PENDAHULUAN
1.1 latar belakang
Stigma adalah prasangka memberikan label sosial yang bertujuan untuk
memisahkan atau mendiskreditkan seseorang atau sekelompok orang dengan cap
atau pandangan buruk. Dalam prakteknya, stigma mengakibatkan tindakan
diskriminasi, yaitu tindakan tidak mengakui atau tidak mengupayakan pemenuhan
hak-hak dasar individu atau kelompok sebagaimana selayaknya sebagai manusia
yang bermartabat. Stigma dan diskriminasi masih sering terjadi pada orang
dengan HIV/AIDS (ODHA) (Kemenkes RI, 2012).

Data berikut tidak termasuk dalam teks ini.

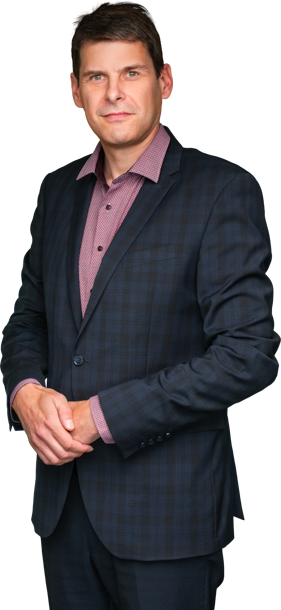 Michal 
                                                    Káninský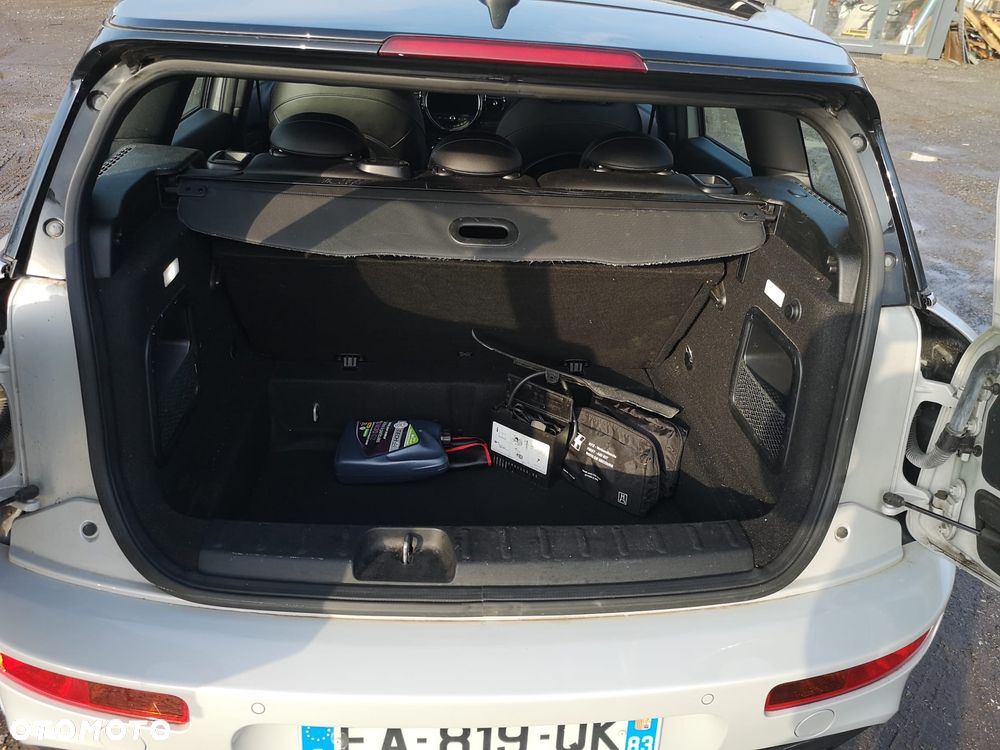 MINI Clubman ver-one-d - 26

Stigma masyarakat terhadap Orang Dengan HIV&AIDS sampai sekarang ini
masih sangat besar. Stigma sering kali menyebabkan terjadinya diskriminasi dan
pada gilirannya akan mendorong munculnya pelanggaran HAM bagi ODHA dan
keluarganya, hal semacam itu dapat memperparah epidemik HIV&AIDS. Mereka
menghambat usaha pencegahan dan perawatan dengan memelihara kebisuan dan
penyangkalan tentang HIV&AIDS, seperti juga mendorong keterpinggiran
ODHA dan mereka yang rentan terhadap infeksi HIV. \
Mengingat HIV&AIDS sering diasosiasikan dengan seks, penggunaan
narkoba dan kematian, banyak orang yang tidak peduli, tidak menerima, dan
takut terhadap penyakit ini di hampir seluruh lapisan masyarakat. Bentuk lain
dari stigma berkembang melalui internalisasi oleh ODHA dengan persepsi negatif
tentang diri mereka sendiri1. Stigma yang dihubungkan dengan penyakit
menimbulkan efek psikologi yang berat tentang bagaimana ODHA melihat diri
mereka sendiri. Hal ini bisa mendorong dalam beberapa kasus terjadinya depresi.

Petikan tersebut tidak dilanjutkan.